A Look to the Future
by Patricia Canty
The future expansion of the Oakland Harbor is practically assured. The present rapid development, it seems to me, is but a dim picture of that which is to follow. Shipyards, terminals, and general docks are destined to line the estuary, and it will be but a short time before Oakland will rank as one of the world's wonder ports. Another step in this direction has just been taken by Congress declaring a sub-port of entry, and granting the city a customs house of its own. This move is the first step in world commercial independence.
Oakland, the "Cinderella of Harbors" is about to don her full-fledged robes of royalty among the sister ports of the world! The influence of the new Posey Tube has already been felt in the development of the harbor which, as I said before, is destined to rank among the world's foremost ports.
Closely related to the city's maritime future, is the Oakland Airport which, in 1928, gave the first real evidence of its importance to civic development.
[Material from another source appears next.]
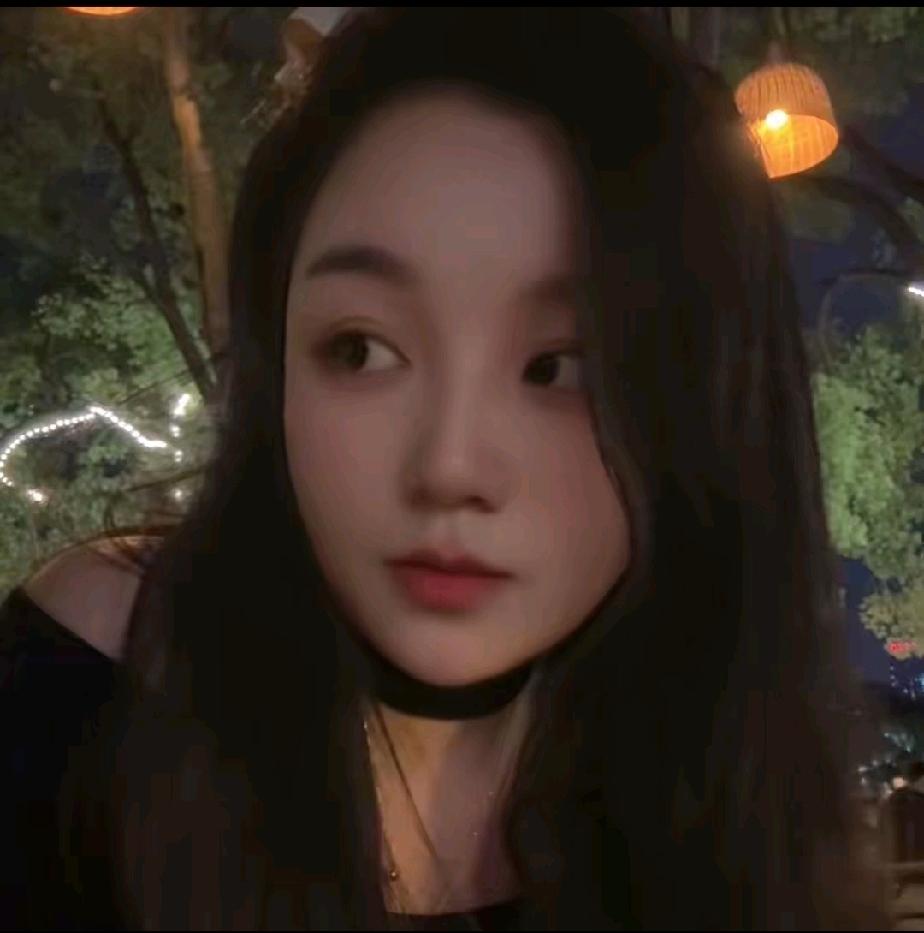 喝农药的湖南烟花店主的妻子发声了，她对丈夫很失望，那么不负责任地喝下了两大瓶敌草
The superiority of the Airport over other flying fields in the Bay area was definitely recognized by the leading organizations participating in commercial aviation, making Oakland the chief terminus for transcontinental airmail and passenger service.
All of these great commercial developments have had a marked bearing on the city’s future industrially. They have added to Oakland’s natural supremacy as a factory site, man-made advantages, which have been recognized in the selection of the Oakland area as the location for the Pacific Coast plants of some of the nation's greatest manufacturers.
Because of the fact that last year, experts in choosing factory sites saw the justice of Oakland's claim to manufacturing and distributive superiority, this region will soon be the Western home of such products as Chrysler, Dodge and Ford automobiles, Fisher bodies, Seiberling Tires, and many other nationally famed wares both in and out of the automotive field, in addition to the millions of dollars' worth of other commodities now manufactured here.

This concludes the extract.